In at least one embodiment of an article according to the present disclosure, wherein the article comprises a plurality of layers of composite nonwoven fabric, the plurality of layers may have a basis weight of about 20 g/m2 to about 200 g/m2, inclusive. In at least one embodiment of an article according to the present disclosure, wherein the article comprises a plurality of layers of composite nonwoven fabric, the plurality of layers may have a basis weight of about 50 g/m2 to about 150 g/m2, inclusive. In at least one embodiment of an article according to the present disclosure, wherein the article comprises a plurality of layers of composite nonwoven fabric, the plurality of layers may have a basis weight of about 80 g/m2 to about 120 g/m2, inclusive. In at least one embodiment of an article according to the present disclosure, wherein the article comprises a plurality of layers of composite nonwoven fabric, the plurality of layers may have a basis weight of about 100 g/m2.

In at least one embodiment, an article according to the present disclosure comprises a sheet. The sheet 170 is shown larger relative to the composite nonwoven fabric 152 for illustrative purposes and can be any size. As used herein, a sheet can refer to multiple constructs depending on the application of the nonwoven fabric such as a carrier, a barrier, a tie layer, or a backing.

FIG. 4 shows an article 300 comprising a composite nonwoven fabric 152 and a sheet 170 bonded thereto. The sheet 170 comprises a first major surface 172 and a second major surface 174 opposite the first major surface. In at least one embodiment, the composite nonwoven fabric 152 can be bonded to the sheet 170 (e.g., the first major surface 172) by any means known in the art such as, for example, thermal bonding, adhesive bonding, powdered binder, needlepunching, calendering, sonic bonding, or a combination thereof. The composite nonwoven fabric 152 can be at least one embodiment of the composite nonwoven fabric disclosed herein.

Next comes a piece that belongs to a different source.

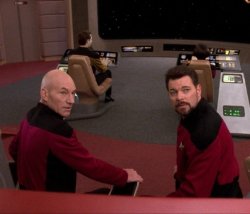 Riker Picard Looking Backwards Meme Template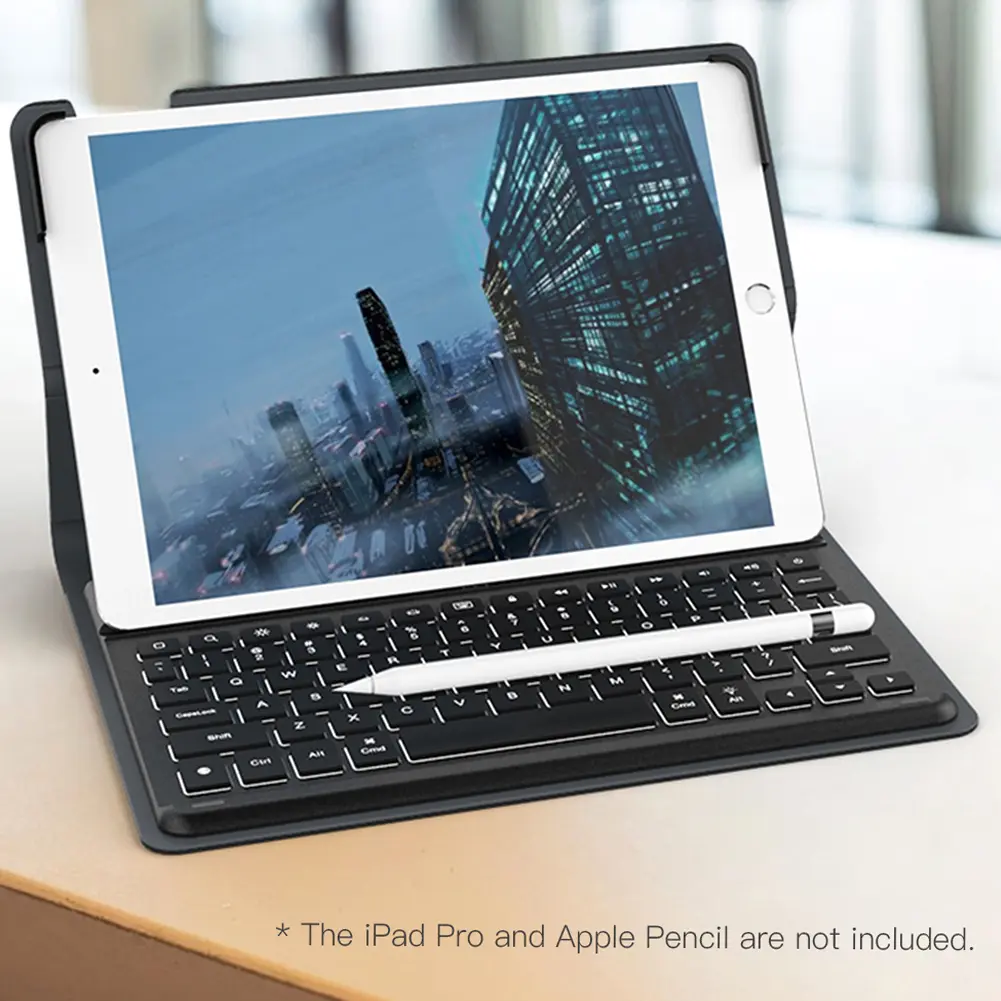 dodocool MFi Certified Smart Keyboard for 10.5-inch iPad Air 2019 with Smart Connector Slim Shell Protective Cover Folio Case St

In a preferred embodiment, the sheet 170 is bonded to the composite nonwoven fabric 152 via a pressure-sensitive adhesive 180. As illustrated in FIG. 4, at least a portion of the first major surface 172 has an optional adhesive layer 180 disposed (e.g., via coating processes that are well-known in the art) thereon. The adhesive layer 180 functions to bond the composite nonwoven fabric 152 to the sheet 170.

Examples of suitable adhesives 180 are described below. In FIGS. 4-5, although the adhesive 180 is shown as covering a majority of the sheet 170, the adhesive 180 can cover a portion of an area of the composite nonwoven fabric 152 sufficient to adhere the composite nonwoven fabric 152 to the sheet 170. In some embodiments, the area of the composite nonwoven fabric 152 can be of a greater or equal size to the sheet 170.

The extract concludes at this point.